A limitation of this study was that the observation/interview data was not collected concurrently to the self-report; that is, none of the players self-administered the TPF-SR for the same tournament used for the observation/interviews. This disconnect may have reduced the accuracy of any direct comparisons between the two measures as differences in the agreement reflect rather than the endorsement associated with specific items. Future studies should look to investigate the TPF-SR using direct comparisons between measures over longitudinal periods. Work to further assess the measurement properties of the TPF-SR is also warranted. For instance, if players of higher ability levels were found to perform more items or specific items from the TPF-SR than their lower-level counterparts, it could support the instrument’s discriminative validity. Combined with this study’s findings, such information could provide a complete picture of construct validity for the TPF-SR instrument. To improve the validity of information regarding the preparatory behaviours of sports performers for research and practice, it may also be beneficial to investigate the application and feasibility of developing technologies such as wearable sensors or real-time behavioural monitoring.
Conclusions
The TPF-SR instrument displays initial evidence of convergent validity and can be self-administered by players to record pre- and within-tournament behaviours.

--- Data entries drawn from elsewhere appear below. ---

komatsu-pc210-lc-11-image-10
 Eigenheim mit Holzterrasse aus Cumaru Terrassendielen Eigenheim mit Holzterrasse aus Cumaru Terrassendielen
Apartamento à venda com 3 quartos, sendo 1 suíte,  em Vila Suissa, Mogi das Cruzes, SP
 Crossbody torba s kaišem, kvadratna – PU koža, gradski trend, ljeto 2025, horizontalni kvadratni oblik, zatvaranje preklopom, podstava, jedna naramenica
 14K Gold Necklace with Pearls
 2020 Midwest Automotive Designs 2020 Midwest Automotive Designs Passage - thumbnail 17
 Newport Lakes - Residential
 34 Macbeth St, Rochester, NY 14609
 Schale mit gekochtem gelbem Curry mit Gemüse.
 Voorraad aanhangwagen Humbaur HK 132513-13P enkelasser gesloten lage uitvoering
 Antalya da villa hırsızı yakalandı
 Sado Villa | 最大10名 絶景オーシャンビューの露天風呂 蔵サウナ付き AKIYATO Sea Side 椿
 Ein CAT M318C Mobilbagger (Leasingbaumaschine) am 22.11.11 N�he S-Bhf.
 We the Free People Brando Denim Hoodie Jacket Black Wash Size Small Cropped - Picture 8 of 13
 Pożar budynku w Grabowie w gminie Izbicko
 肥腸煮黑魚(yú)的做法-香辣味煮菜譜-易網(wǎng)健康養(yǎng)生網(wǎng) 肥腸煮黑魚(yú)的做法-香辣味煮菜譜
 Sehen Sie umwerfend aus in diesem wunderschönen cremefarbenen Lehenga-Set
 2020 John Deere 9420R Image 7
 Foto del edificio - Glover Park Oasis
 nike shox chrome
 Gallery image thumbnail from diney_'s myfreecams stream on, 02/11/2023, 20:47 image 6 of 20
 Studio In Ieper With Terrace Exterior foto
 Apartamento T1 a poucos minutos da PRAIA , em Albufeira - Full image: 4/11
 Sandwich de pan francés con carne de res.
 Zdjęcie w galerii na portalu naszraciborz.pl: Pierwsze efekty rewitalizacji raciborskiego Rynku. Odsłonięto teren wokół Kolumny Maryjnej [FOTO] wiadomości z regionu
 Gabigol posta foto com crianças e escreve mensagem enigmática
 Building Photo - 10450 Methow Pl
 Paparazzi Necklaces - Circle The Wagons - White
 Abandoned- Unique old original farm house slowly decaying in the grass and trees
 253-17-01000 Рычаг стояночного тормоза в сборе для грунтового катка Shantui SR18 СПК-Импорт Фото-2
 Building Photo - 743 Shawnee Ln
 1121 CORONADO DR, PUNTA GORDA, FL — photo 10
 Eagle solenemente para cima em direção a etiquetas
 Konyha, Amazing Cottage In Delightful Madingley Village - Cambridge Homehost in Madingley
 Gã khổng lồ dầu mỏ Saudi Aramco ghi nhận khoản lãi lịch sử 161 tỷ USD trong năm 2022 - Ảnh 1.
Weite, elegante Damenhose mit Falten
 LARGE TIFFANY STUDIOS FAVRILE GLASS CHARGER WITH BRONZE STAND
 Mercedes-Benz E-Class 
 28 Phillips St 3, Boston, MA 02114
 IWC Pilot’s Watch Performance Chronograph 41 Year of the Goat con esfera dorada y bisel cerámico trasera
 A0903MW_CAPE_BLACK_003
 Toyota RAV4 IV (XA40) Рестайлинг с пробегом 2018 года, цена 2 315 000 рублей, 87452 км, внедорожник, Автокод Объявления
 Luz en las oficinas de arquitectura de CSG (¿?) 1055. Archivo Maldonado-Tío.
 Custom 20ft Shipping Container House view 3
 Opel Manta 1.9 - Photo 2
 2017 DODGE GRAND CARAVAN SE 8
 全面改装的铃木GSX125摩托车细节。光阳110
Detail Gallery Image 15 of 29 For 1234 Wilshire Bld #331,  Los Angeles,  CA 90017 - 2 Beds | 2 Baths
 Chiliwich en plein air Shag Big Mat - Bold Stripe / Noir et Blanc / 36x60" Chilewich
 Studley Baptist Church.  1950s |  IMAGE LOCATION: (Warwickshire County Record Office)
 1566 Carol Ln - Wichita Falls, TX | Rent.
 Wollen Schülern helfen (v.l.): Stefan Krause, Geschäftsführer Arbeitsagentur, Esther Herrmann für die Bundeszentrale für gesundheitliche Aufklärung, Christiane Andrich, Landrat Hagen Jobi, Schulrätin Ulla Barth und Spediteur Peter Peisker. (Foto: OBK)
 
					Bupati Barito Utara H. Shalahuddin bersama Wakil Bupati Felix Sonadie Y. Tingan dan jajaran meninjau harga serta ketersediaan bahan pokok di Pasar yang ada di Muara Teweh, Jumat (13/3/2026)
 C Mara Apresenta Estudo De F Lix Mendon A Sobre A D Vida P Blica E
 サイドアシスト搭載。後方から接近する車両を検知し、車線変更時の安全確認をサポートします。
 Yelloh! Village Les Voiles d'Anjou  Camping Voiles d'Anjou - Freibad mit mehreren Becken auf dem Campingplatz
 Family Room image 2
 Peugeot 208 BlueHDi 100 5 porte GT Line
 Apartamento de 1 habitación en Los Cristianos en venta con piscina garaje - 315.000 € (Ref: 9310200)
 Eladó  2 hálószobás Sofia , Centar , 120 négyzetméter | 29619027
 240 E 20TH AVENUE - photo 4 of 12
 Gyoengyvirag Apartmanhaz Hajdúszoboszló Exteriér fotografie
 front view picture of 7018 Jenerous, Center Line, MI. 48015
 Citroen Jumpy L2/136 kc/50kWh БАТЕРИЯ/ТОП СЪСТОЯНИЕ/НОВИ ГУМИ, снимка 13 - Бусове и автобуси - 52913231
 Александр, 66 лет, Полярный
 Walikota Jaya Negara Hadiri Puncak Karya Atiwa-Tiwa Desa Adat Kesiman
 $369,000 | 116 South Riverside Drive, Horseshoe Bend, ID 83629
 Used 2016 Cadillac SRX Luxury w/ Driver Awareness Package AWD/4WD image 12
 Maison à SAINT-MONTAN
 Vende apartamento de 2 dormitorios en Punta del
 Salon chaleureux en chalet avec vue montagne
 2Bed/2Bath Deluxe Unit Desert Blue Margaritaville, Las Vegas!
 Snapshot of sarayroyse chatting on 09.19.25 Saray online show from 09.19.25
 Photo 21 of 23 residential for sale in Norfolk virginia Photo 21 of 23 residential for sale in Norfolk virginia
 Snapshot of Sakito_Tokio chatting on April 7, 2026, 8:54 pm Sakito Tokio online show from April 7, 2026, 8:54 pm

The instrument encompasses a variety of task-specific and self-regulatory items and could be used to improve player’s awareness of preparatory behaviours and to promote adaptive self-regulatory behaviours (i.e., reflecting upon performance, self-monitoring, etc.). Further, it provides an instrument for future studies to examine the tournament preparation behaviours of players of different ability levels. These findings also offer conceptual support/guidance for research that may investigate similar constructs or develop self-report versions of established frameworks. Evaluating other measurement properties, such as discriminant validity by comparing the TPF-SR instrument’s ability to discriminate between players of different ability levels, is an obvious next step for future work in this area.